◆ **EXTRACTED INFORMATION**:
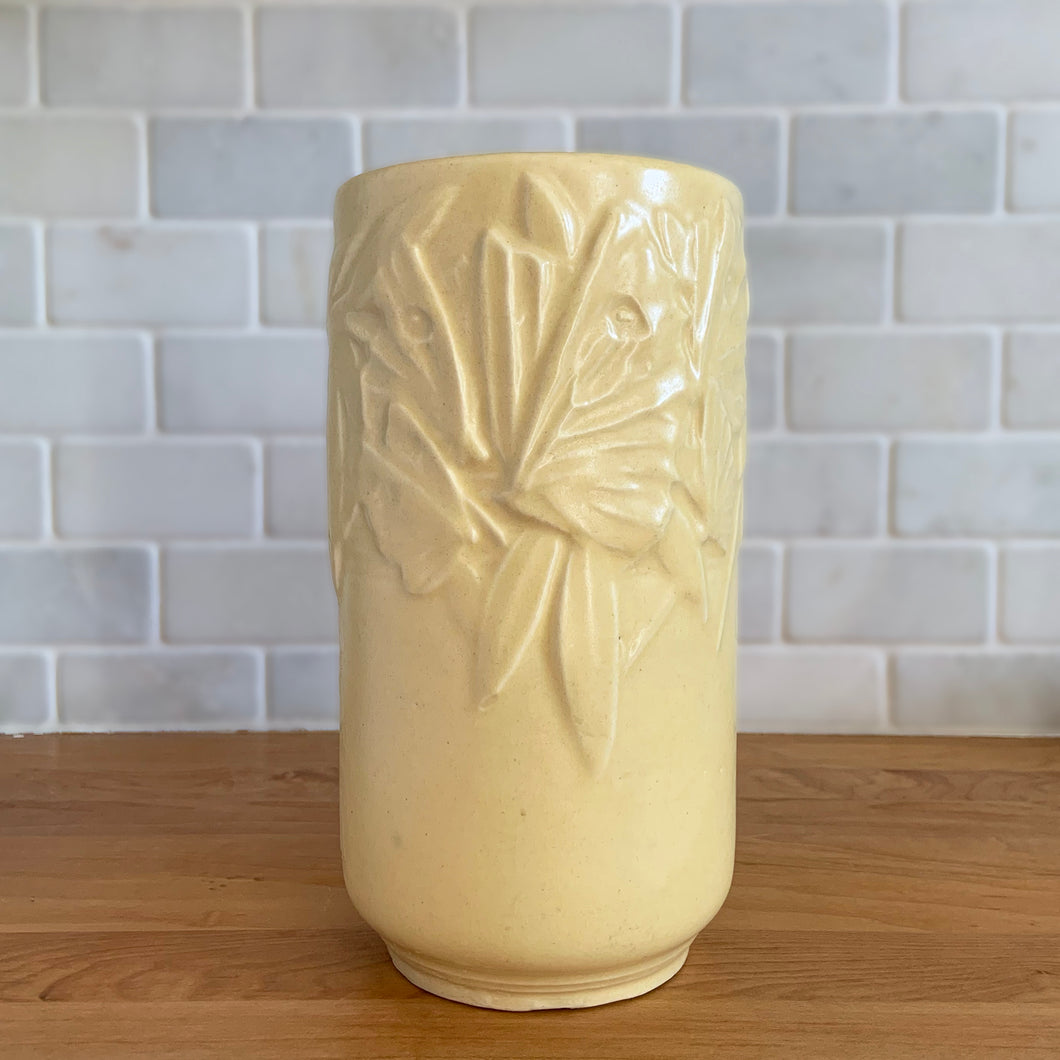 Vintage Art Deco matte yellow Butterfly Line cylinder vase. Crafted by Nelson McCoy Pottery, early 1940s. This rare piece is must for any art pottery collector! A lovely way to enhance your home's decor or give as a gift!

In good vintage condition, no chips/cracks/repairs. Heavy age-related crazing, manufacturer's glaze pops. Maker's marks.

Measures 4 3/8 x 8 1/8 inches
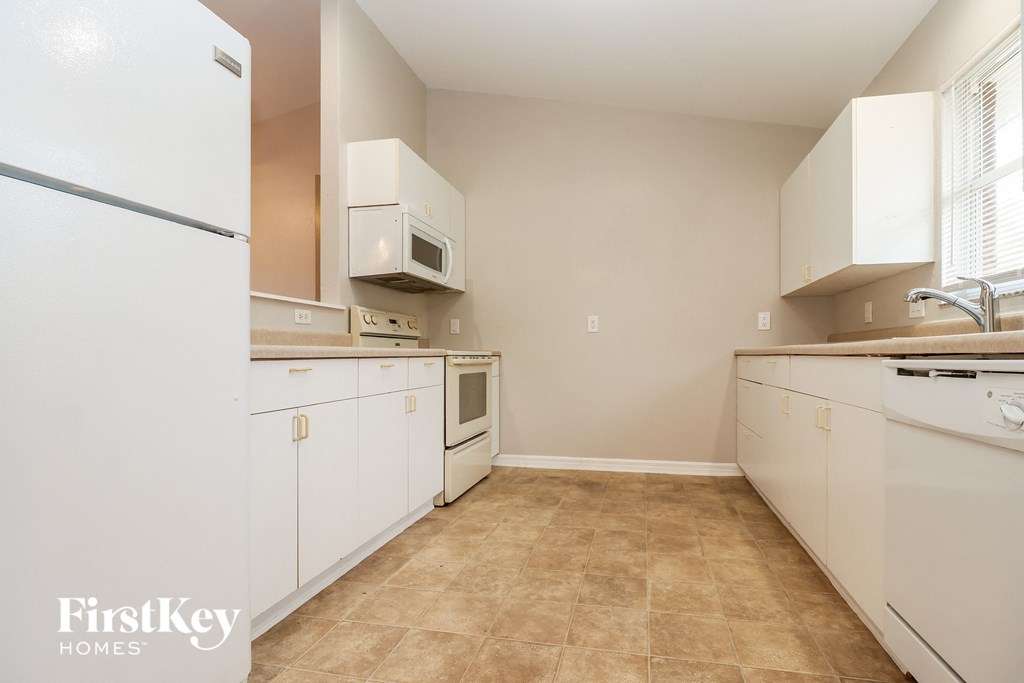 a kitchen with white cabinets and appliances and a window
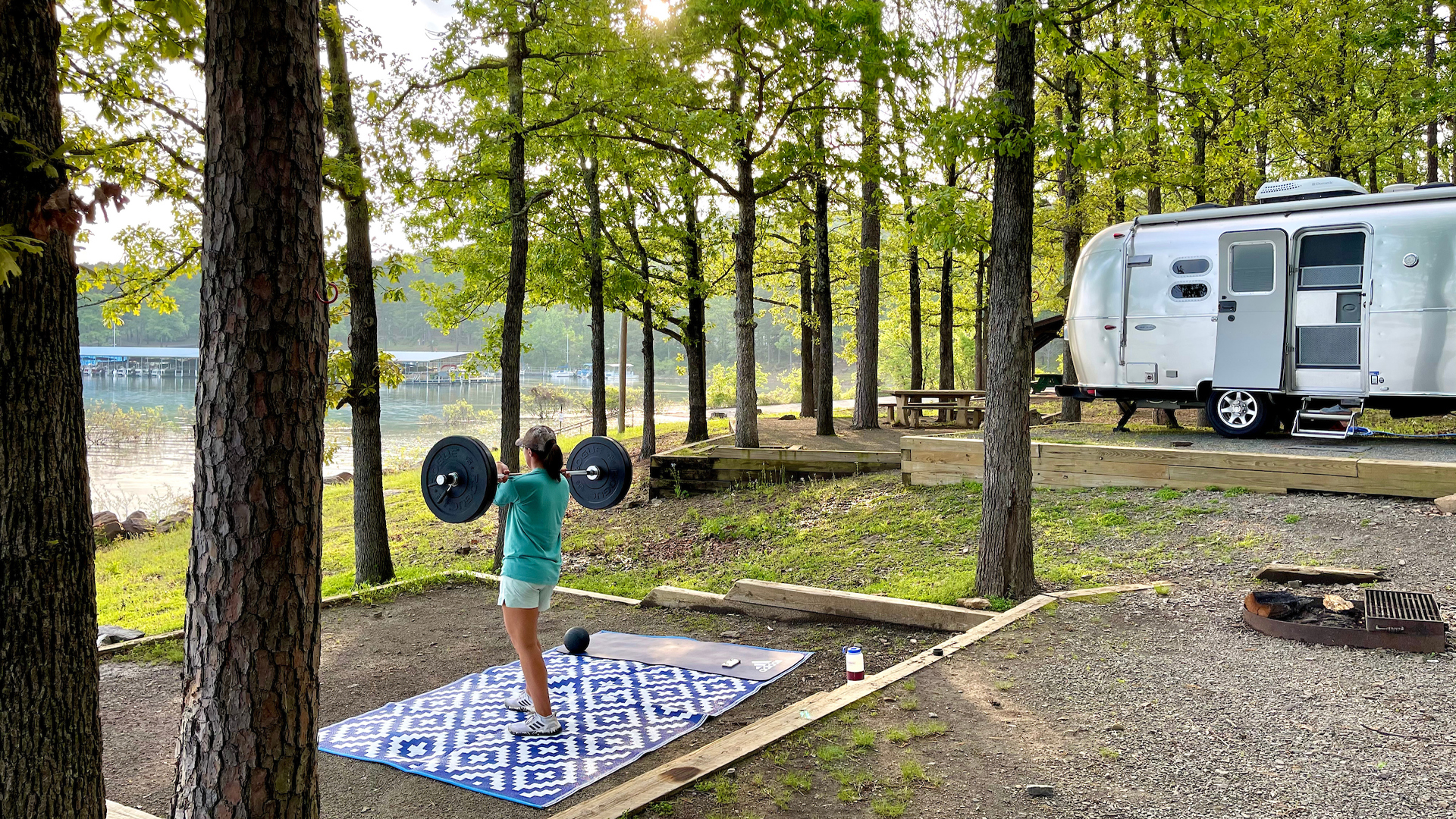 Dorsey Addicks lifting weights outside of her Airstream travel trailer that is parked next to a lake.
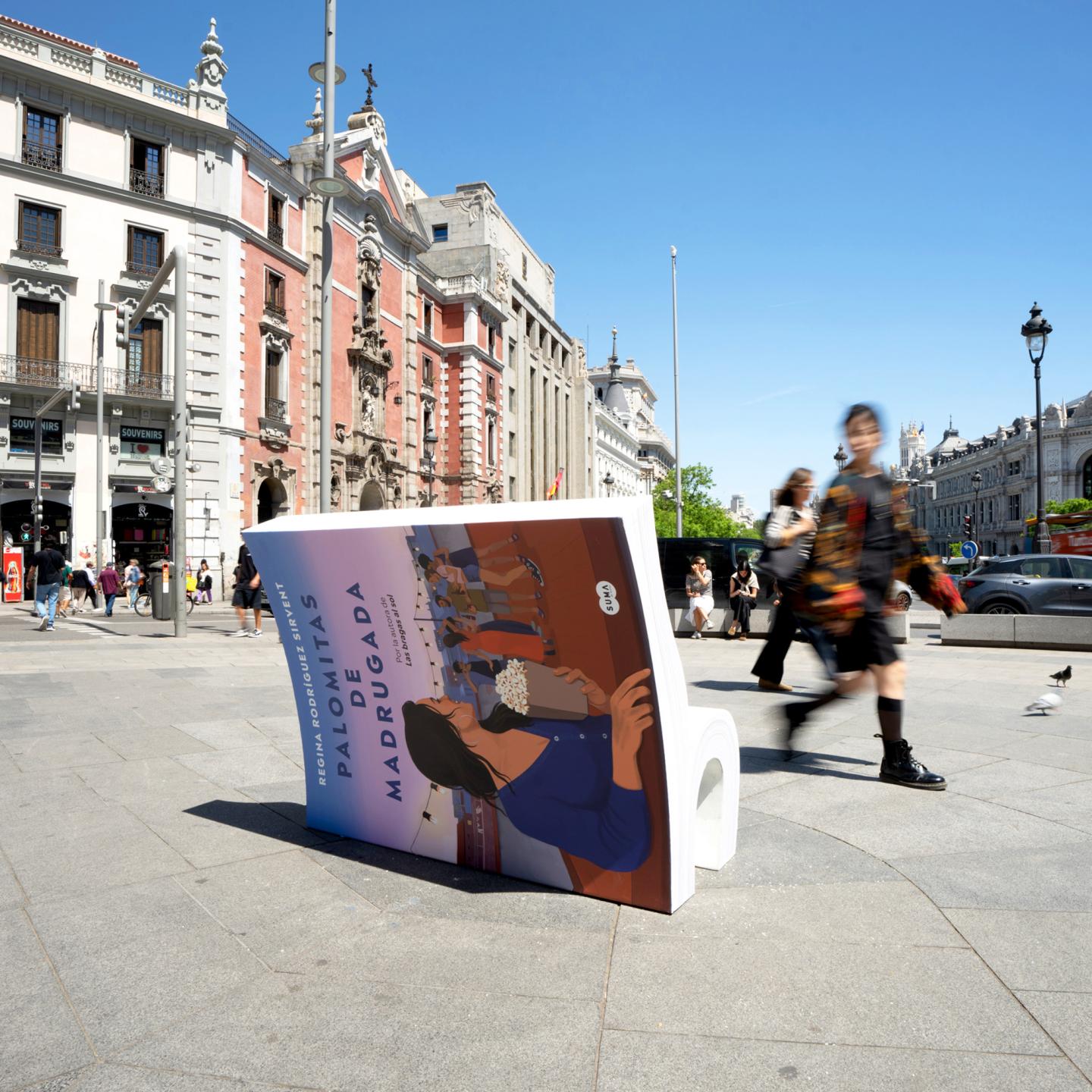 Urban scene showing several JCDecaux book benches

◆ **EXERCISE INSTRUCTIONS**: Copy out the lines exactly as written, beginning with the one that contains "a kitchen with" and ending with the last line of the material; do not include pictures.

◆ **RESPONSE TO THIS TASK**:
 a kitchen with white cabinets and appliances and a window
 Dorsey Addicks lifting weights outside of her Airstream travel trailer that is parked next to a lake.
 Urban scene showing several JCDecaux book benches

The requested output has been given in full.